Prior to class certification, the parties settled. The settlement provided that:

  • Kellogg would establish a $2.75 million fund to pay class members $5 per box of cereal, up to $15 per class member.
  • Any remaining funds would be donated to charities chosen by the parties and approved by the court.
  • Kellogg would distribute $5.5 million worth of food to charities that feed the indigent.
  • Kellogg would refrain for three years from ad claims like the ones attacked, but that it would still be allowed to claim that clinical studies showed that kids who ate a filling breakfast like Frosted Mini-Wheats are 11% more attentive in school than kids who skip breakfast.
  • Kellogg agreed to pay class counsel attorneys’ fees not to exceed $2 million.

Two class members objected to the settlement, arguing that the cy pres relief would improperly benefit class counsel and Kellogg, not class members, because the distributions were too remote from class members and were not sufficiently related to the class members’ unlawful competition and consumer law claims. The two class members also challenged the attorneys’ fees award as excessive. The District Court approved the settlement and found the requested attorneys’ fees fair and reasonable.
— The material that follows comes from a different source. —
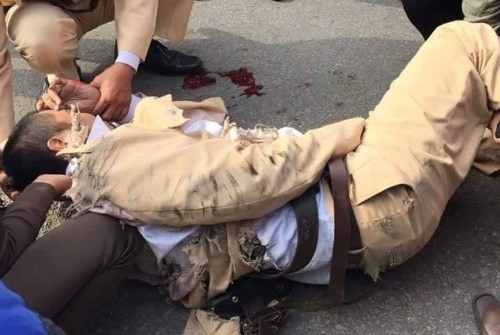 TPHCM: CSGT bi tong trong thuong tren dai lo Pham Van Dong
Although the Ninth Circuit Court reviewed the District Court’s approval of the proposed class action for abuse of discretion, the Court noted that since the settlement was negotiated before the class was certified, the Court had to be “particularly vigilant not only for explicit collusion, but also for more subtle signs that class counsel have allowed pursuit of their own self-interests and that of certain class members to infect the negotiations.”

Applying this heightened abuse of discretion standard, the Court held that the District Court abused its discretion in two ways in approving the settlement.

First, it was an abuse to approve cy pres awards to unnamed charities to feed indigents, since the charities were not necessarily limited and not necessarily related to the interests of the class members. The Court reasoned that because “a cy pres award must qualify as ‘the next best distribution’ to giving the funds directly to class members[,]” there had to be “a driving nexus between the plaintiffs’ class and the cy pres beneficiaries.” According to the Court, since the gravamen of the lawsuit focused on Kellogg’s alleged false advertising, “appropriate cy pres recipients are not charities that feed the needy, but organizations dedicated to protecting consumers from, or redressing injuries caused by, false advertising.”

Second, the Court held that the District Court also abused its discretion when it approved attorneys’ fees of $2 million, because the fees were excessive and unreasonable. In the Ninth Circuit, class action attorneys’ fees can be calculated on a lodestar method or a percentage of the common fund — with a 25% cap of the common fund as a guide. While the $2 million fee was under 25% of the value of the $10.64 million settlement, a cross-check of the award using the lodestar method showed that the fees were excessive. Class counsel had spent only 944.5 hours on the case and the settlement. Moreover, the Court was not impressed by the result, which, the Court concluded “yield[ed] little for the plaintiffs class.” Thus, the Court found the $2 million fee award, which the Court calculated broke out to just over $2100 per hour, was “extremely generous to counsel.” In light of the high amount of the fees, the District Court “needed to do more to assure itself … that the amount awarded was not unreasonably excessive in light of the results achieved.”

The Ninth Circuit decision illustrates the increasing difficulty in settling consumer class actions. While the standard of review is an abuse of discretion, it is clear that consumer class action settlements (especially those settled before class certification) are being closely scrutinized — with an eye on the benefits to the class, the size of the attorneys’ fee award, and the use of cy pres awards.